* [Exercise goal]
An exact copy of every record below is needed, with all pictures removed.

* [Dataset records]

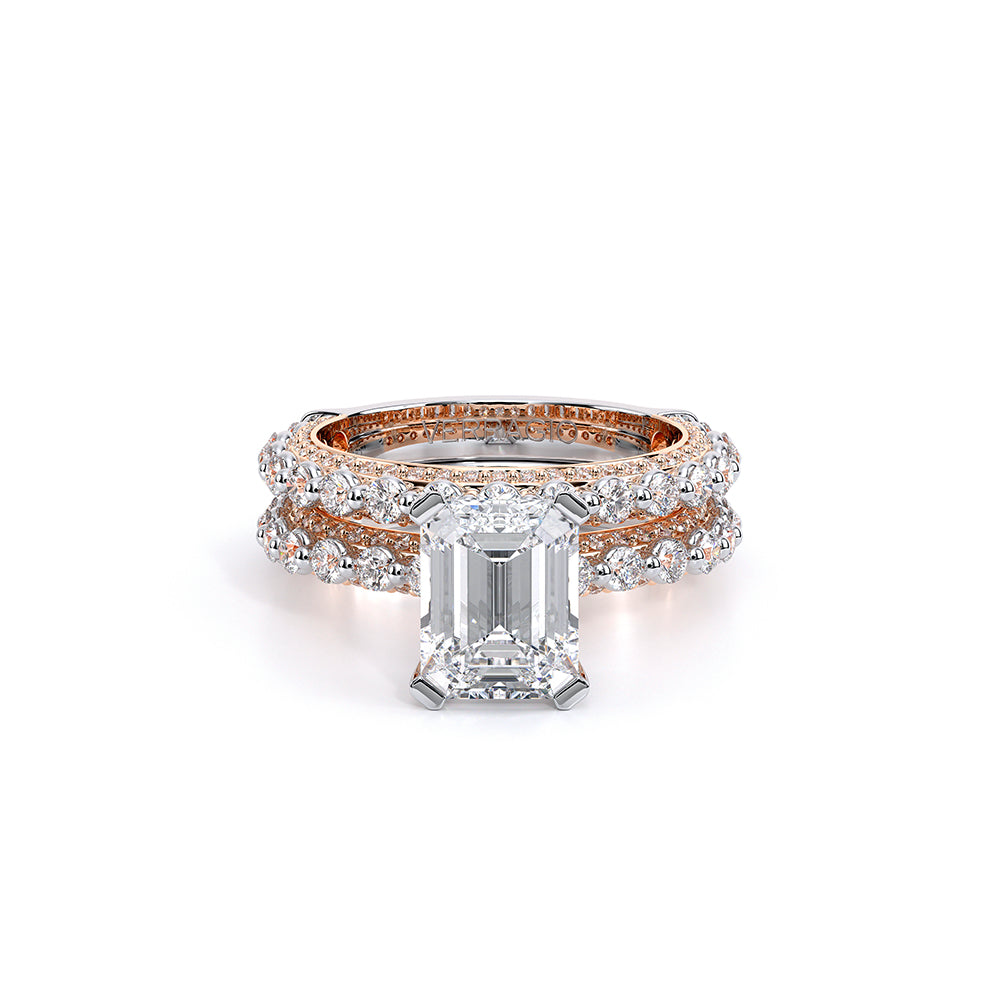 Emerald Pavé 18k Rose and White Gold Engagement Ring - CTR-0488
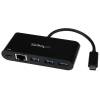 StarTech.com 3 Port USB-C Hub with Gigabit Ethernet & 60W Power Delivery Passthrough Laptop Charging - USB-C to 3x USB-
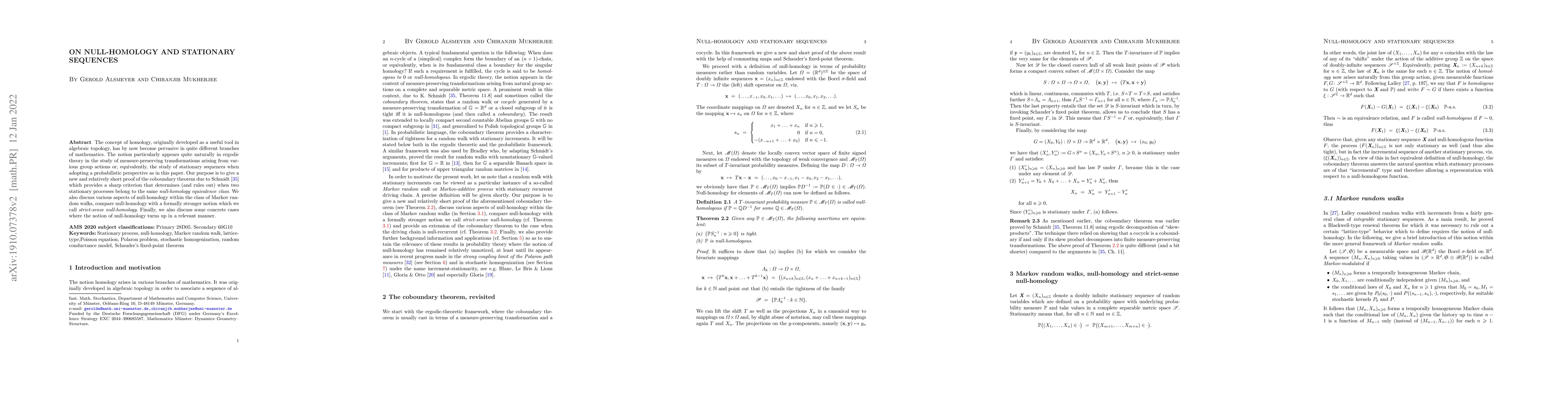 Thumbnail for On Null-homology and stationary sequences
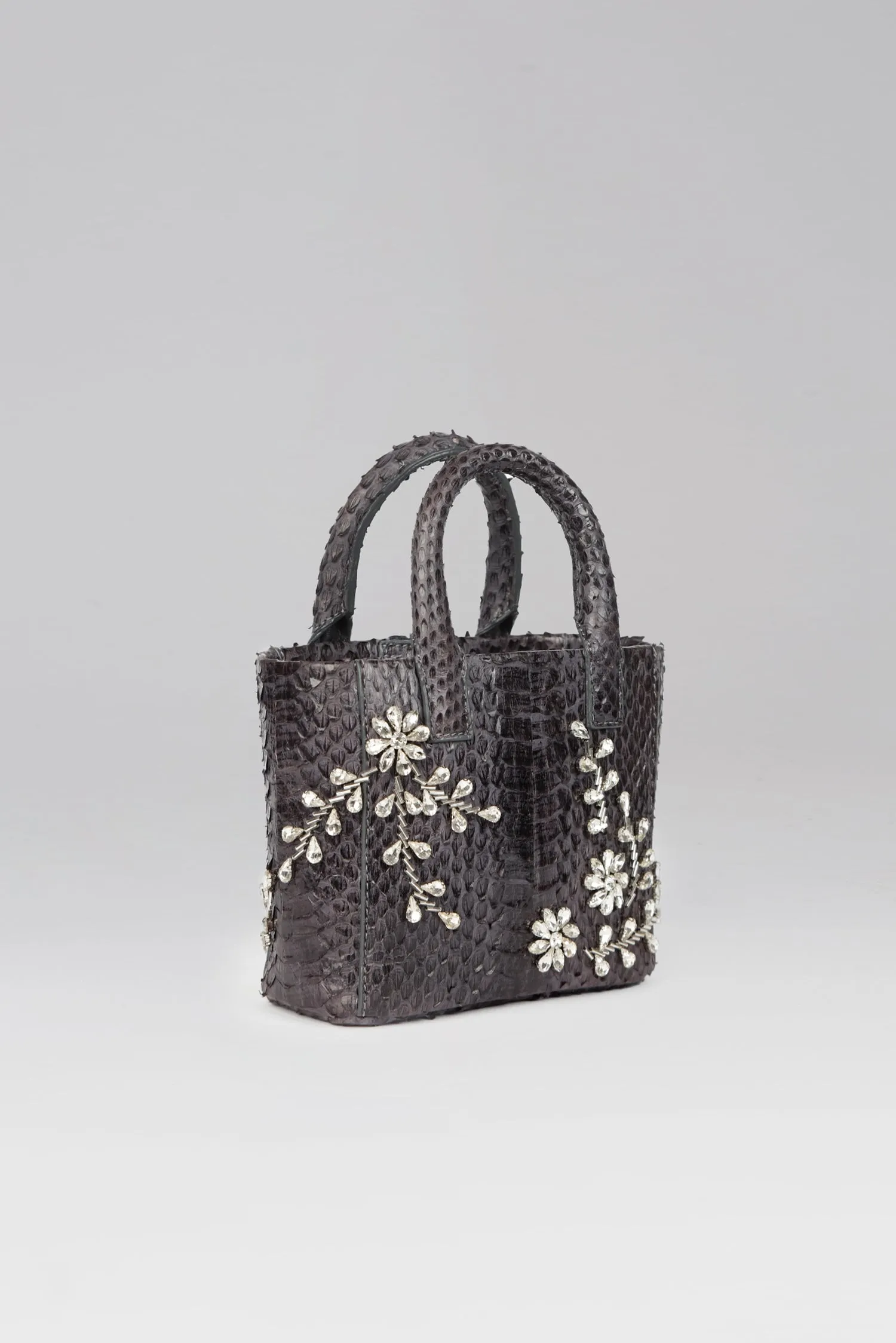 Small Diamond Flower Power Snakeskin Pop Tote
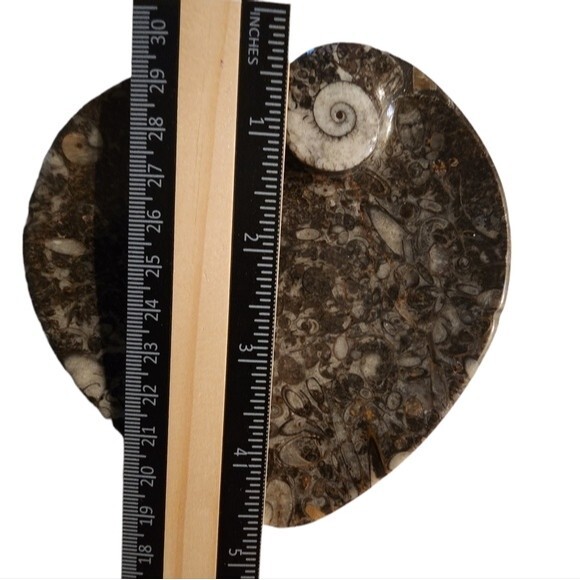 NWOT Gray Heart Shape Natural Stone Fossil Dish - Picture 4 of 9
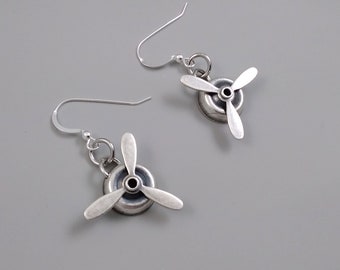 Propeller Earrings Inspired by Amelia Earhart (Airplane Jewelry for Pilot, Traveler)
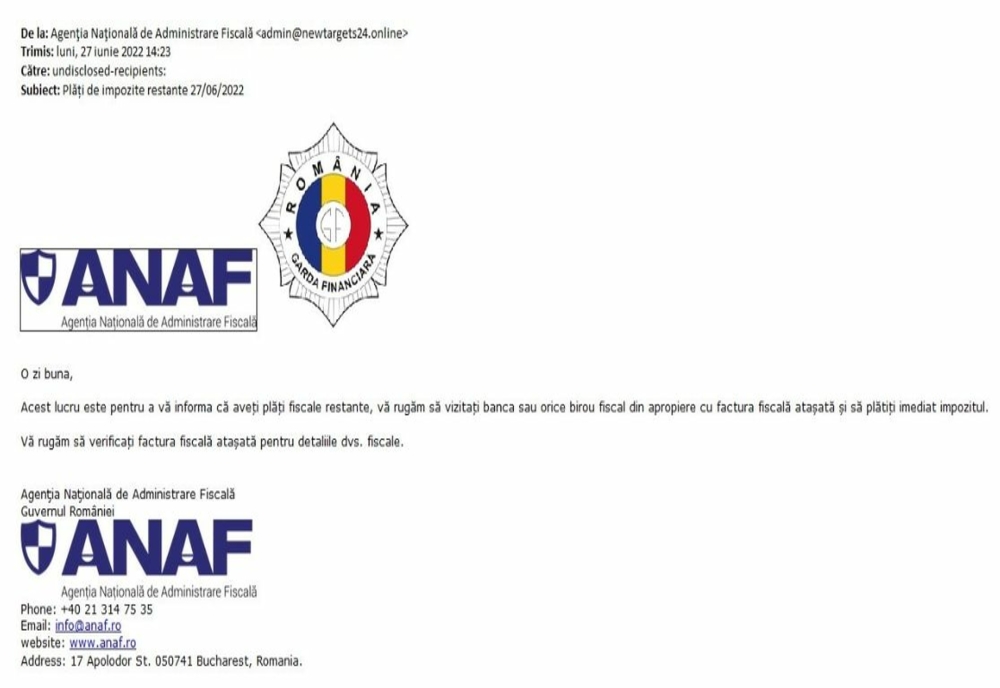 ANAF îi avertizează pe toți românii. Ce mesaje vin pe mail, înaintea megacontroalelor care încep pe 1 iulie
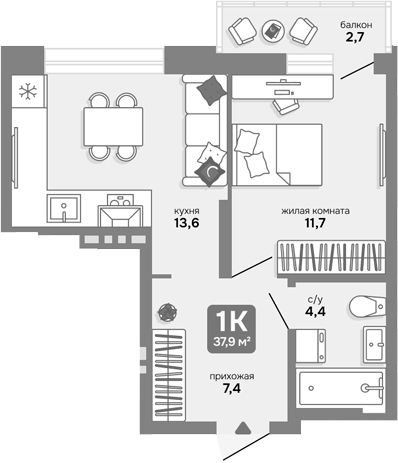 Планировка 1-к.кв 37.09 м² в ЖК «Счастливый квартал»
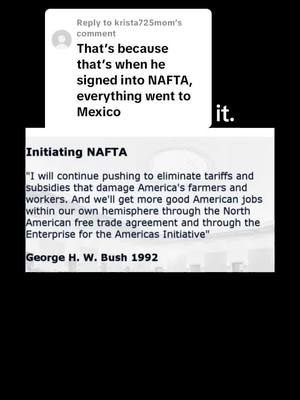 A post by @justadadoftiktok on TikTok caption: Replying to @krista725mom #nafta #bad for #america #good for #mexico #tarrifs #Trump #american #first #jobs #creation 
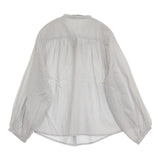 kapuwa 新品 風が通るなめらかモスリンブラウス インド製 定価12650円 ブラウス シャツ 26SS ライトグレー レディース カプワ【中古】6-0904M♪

* [Result of the task]
 Emerald Pavé 18k Rose and White Gold Engagement Ring - CTR-0488
 StarTech.com 3 Port USB-C Hub with Gigabit Ethernet & 60W Power Delivery Passthrough Laptop Charging - USB-C to 3x USB-
 Thumbnail for On Null-homology and stationary sequences
 Small Diamond Flower Power Snakeskin Pop Tote
 NWOT Gray Heart Shape Natural Stone Fossil Dish - Picture 4 of 9
 Propeller Earrings Inspired by Amelia Earhart (Airplane Jewelry for Pilot, Traveler)
 ANAF îi avertizează pe toți românii. Ce mesaje vin pe mail, înaintea megacontroalelor care încep pe 1 iulie
 Планировка 1-к.кв 37.09 м² в ЖК «Счастливый квартал»
 A post by @justadadoftiktok on TikTok caption: Replying to @krista725mom #nafta #bad for #america #good for #mexico #tarrifs #Trump #american #first #jobs #creation 
 kapuwa 新品 風が通るなめらかモスリンブラウス インド製 定価12650円 ブラウス シャツ 26SS ライトグレー レディース カプワ【中古】6-0904M♪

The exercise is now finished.